● **Given records**:

⟨

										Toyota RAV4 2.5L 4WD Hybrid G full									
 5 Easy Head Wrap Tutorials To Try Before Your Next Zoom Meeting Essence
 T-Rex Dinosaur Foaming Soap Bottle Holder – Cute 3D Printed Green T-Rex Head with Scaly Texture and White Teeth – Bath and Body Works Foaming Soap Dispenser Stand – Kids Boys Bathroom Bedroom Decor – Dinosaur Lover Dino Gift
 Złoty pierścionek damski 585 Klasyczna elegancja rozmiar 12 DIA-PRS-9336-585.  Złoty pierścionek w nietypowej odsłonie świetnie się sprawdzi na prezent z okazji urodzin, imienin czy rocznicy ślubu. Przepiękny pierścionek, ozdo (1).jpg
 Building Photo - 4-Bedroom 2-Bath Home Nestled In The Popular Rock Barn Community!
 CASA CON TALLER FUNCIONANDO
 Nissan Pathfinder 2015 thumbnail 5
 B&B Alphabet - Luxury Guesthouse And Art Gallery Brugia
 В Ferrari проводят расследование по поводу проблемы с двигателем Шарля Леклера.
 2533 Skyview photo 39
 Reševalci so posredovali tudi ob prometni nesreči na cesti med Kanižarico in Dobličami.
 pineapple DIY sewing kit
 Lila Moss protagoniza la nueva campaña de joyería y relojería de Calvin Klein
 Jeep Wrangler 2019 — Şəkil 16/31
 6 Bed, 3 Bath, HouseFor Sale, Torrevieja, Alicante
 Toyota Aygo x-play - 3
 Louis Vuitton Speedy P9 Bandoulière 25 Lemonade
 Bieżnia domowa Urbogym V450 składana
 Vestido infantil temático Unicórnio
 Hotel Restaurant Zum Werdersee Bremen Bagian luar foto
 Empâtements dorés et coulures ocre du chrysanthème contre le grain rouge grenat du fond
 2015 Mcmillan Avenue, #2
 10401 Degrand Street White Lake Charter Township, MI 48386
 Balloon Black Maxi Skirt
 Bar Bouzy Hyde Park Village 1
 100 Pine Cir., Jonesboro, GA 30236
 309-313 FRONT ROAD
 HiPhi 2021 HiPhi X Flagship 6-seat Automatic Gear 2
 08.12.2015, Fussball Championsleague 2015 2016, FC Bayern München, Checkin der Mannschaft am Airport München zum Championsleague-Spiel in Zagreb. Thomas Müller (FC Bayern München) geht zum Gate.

⟩

● **Exercise prompt**: Each entry above is to be returned exactly as given.

● **Exercise answer**:
										Toyota RAV4 2.5L 4WD Hybrid G full									
 5 Easy Head Wrap Tutorials To Try Before Your Next Zoom Meeting Essence
 T-Rex Dinosaur Foaming Soap Bottle Holder – Cute 3D Printed Green T-Rex Head with Scaly Texture and White Teeth – Bath and Body Works Foaming Soap Dispenser Stand – Kids Boys Bathroom Bedroom Decor – Dinosaur Lover Dino Gift
 Złoty pierścionek damski 585 Klasyczna elegancja rozmiar 12 DIA-PRS-9336-585.  Złoty pierścionek w nietypowej odsłonie świetnie się sprawdzi na prezent z okazji urodzin, imienin czy rocznicy ślubu. Przepiękny pierścionek, ozdo (1).jpg
 Building Photo - 4-Bedroom 2-Bath Home Nestled In The Popular Rock Barn Community!
 CASA CON TALLER FUNCIONANDO
 Nissan Pathfinder 2015 thumbnail 5
 B&B Alphabet - Luxury Guesthouse And Art Gallery Brugia
 В Ferrari проводят расследование по поводу проблемы с двигателем Шарля Леклера.
 2533 Skyview photo 39
 Reševalci so posredovali tudi ob prometni nesreči na cesti med Kanižarico in Dobličami.
 pineapple DIY sewing kit
 Lila Moss protagoniza la nueva campaña de joyería y relojería de Calvin Klein
 Jeep Wrangler 2019 — Şəkil 16/31
 6 Bed, 3 Bath, HouseFor Sale, Torrevieja, Alicante
 Toyota Aygo x-play - 3
 Louis Vuitton Speedy P9 Bandoulière 25 Lemonade
 Bieżnia domowa Urbogym V450 składana
 Vestido infantil temático Unicórnio
 Hotel Restaurant Zum Werdersee Bremen Bagian luar foto
 Empâtements dorés et coulures ocre du chrysanthème contre le grain rouge grenat du fond
 2015 Mcmillan Avenue, #2
 10401 Degrand Street White Lake Charter Township, MI 48386
 Balloon Black Maxi Skirt
 Bar Bouzy Hyde Park Village 1
 100 Pine Cir., Jonesboro, GA 30236
 309-313 FRONT ROAD
 HiPhi 2021 HiPhi X Flagship 6-seat Automatic Gear 2
 08.12.2015, Fussball Championsleague 2015 2016, FC Bayern München, Checkin der Mannschaft am Airport München zum Championsleague-Spiel in Zagreb. Thomas Müller (FC Bayern München) geht zum Gate.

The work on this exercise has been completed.